-- DATA SHOWN follows --

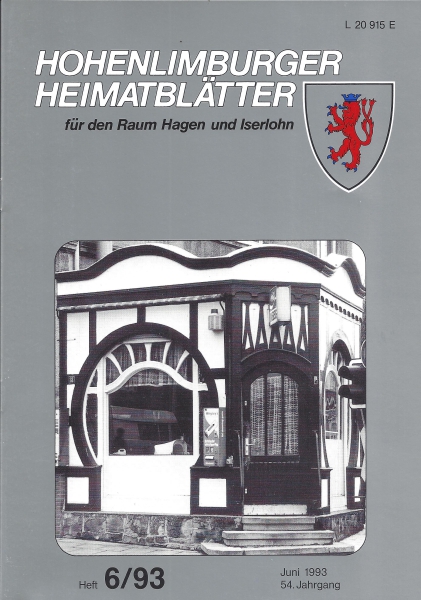 1993 06 Der Jugendstil-Pavillon am Haus Rath an der Herrenstraße 20 in Hohenlimburg. Foto: Peter Schöne, 1993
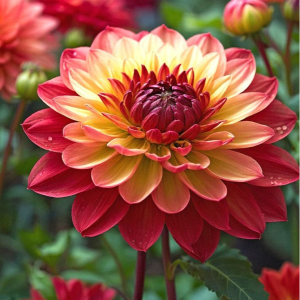 Георгин Оникс Найт купить по цене от 590р. в интернет-магазине «Посадика» с доставкой почтой в в Морозовске и по всей России – [изображение №1].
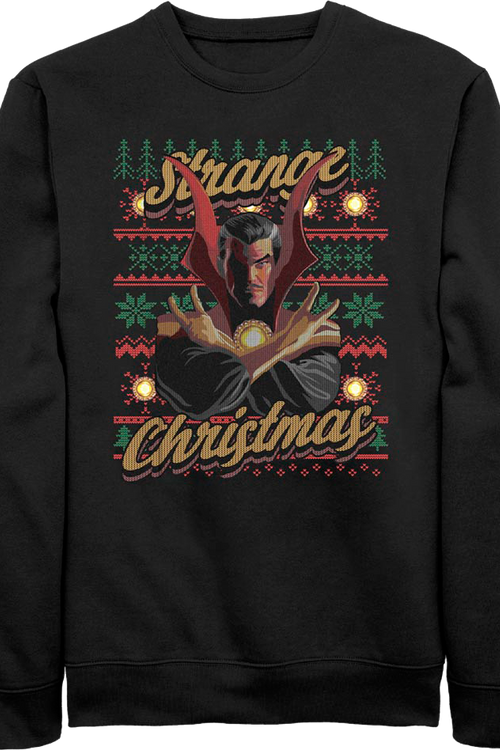 Doctor Strange Faux Ugly Christmas Sweater Marvel Comics Sweatshirt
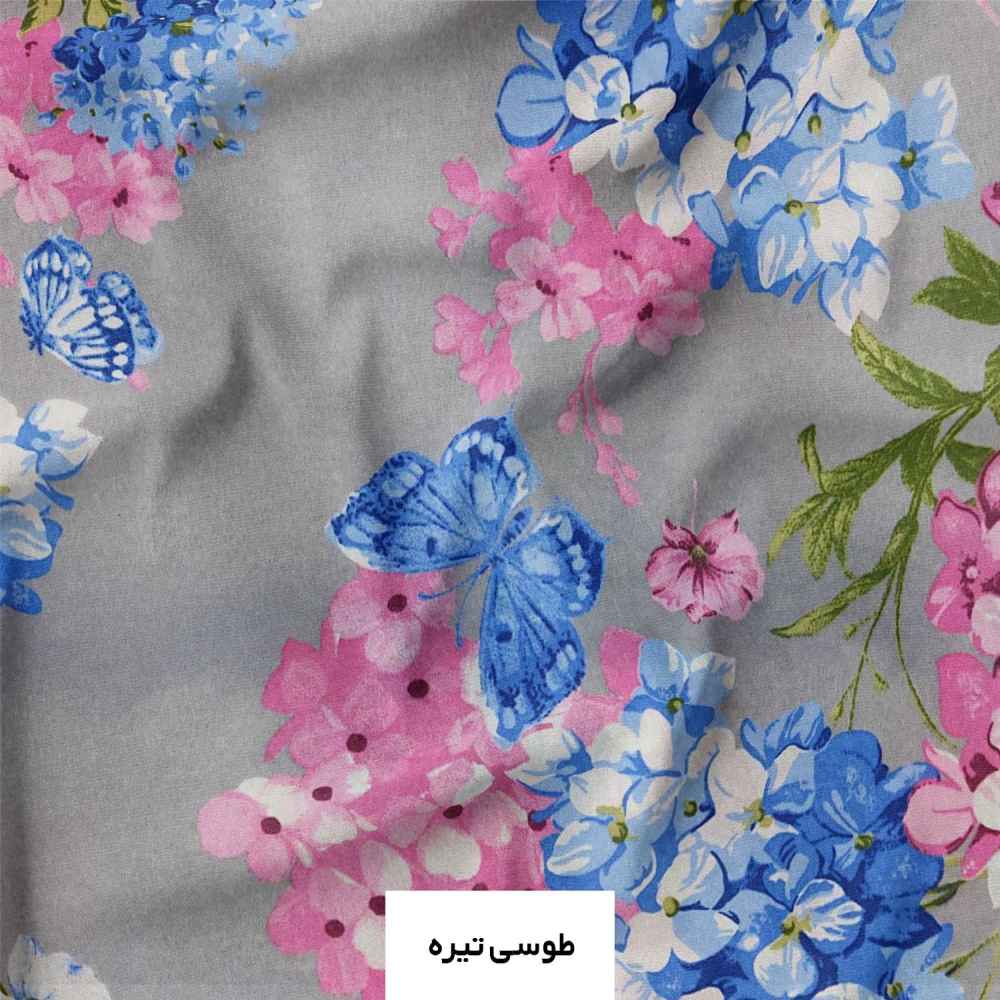 Cotton & Polyester Double Duvet Cover – Super Soft, Saina Model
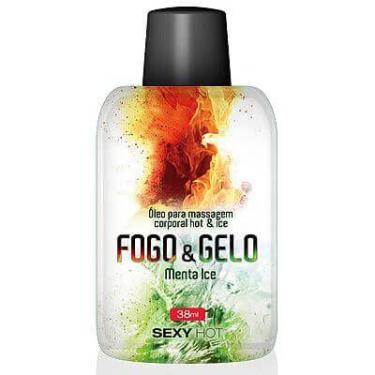 Imagem de Óleo Comestível para Sexo Oral 38ml - Fogo & Gelo Menta Ice - Adão & E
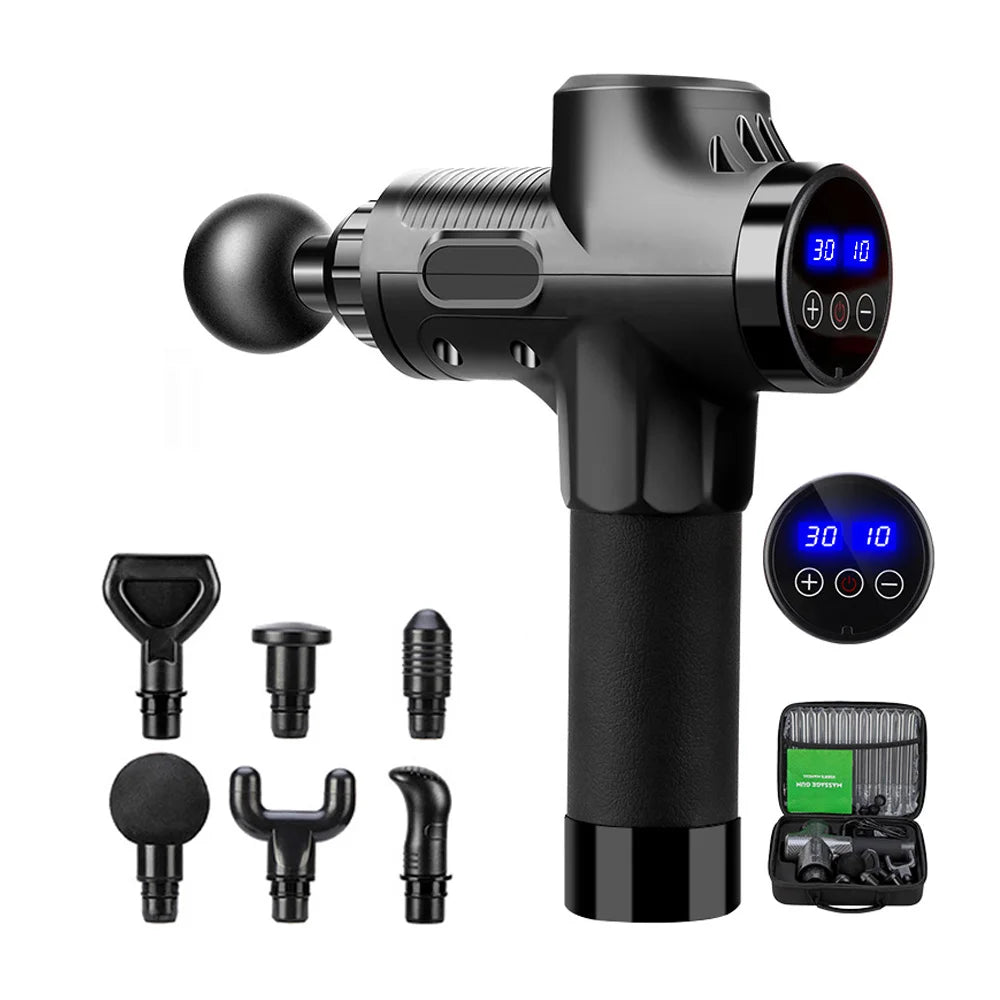 Fascial Massage Gun Electric Percussion Pistol for Deep Tissue Muscle Relaxation & Pain Relief - Ultra Shoppings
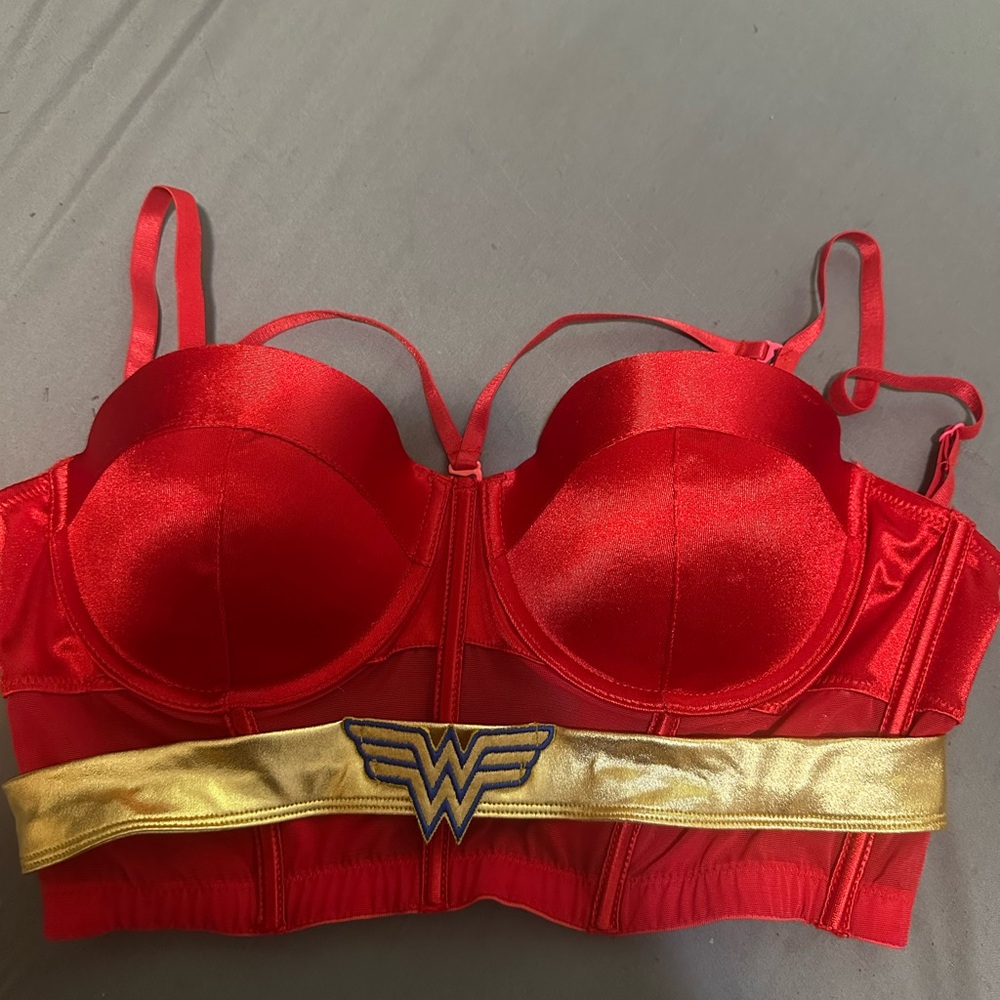 DC Comics Red and Gold Wonder Woman Corset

-- DATA SHOWN concluded --

*WORK TASK*
Write out the records shown above exactly, but do not include any images.

*EXPECTED ANSWER*
 1993 06 Der Jugendstil-Pavillon am Haus Rath an der Herrenstraße 20 in Hohenlimburg. Foto: Peter Schöne, 1993
 Георгин Оникс Найт купить по цене от 590р. в интернет-магазине «Посадика» с доставкой почтой в в Морозовске и по всей России – [изображение №1].
 Doctor Strange Faux Ugly Christmas Sweater Marvel Comics Sweatshirt
 Cotton & Polyester Double Duvet Cover – Super Soft, Saina Model
 Imagem de Óleo Comestível para Sexo Oral 38ml - Fogo & Gelo Menta Ice - Adão & E
 Fascial Massage Gun Electric Percussion Pistol for Deep Tissue Muscle Relaxation & Pain Relief - Ultra Shoppings
 DC Comics Red and Gold Wonder Woman Corset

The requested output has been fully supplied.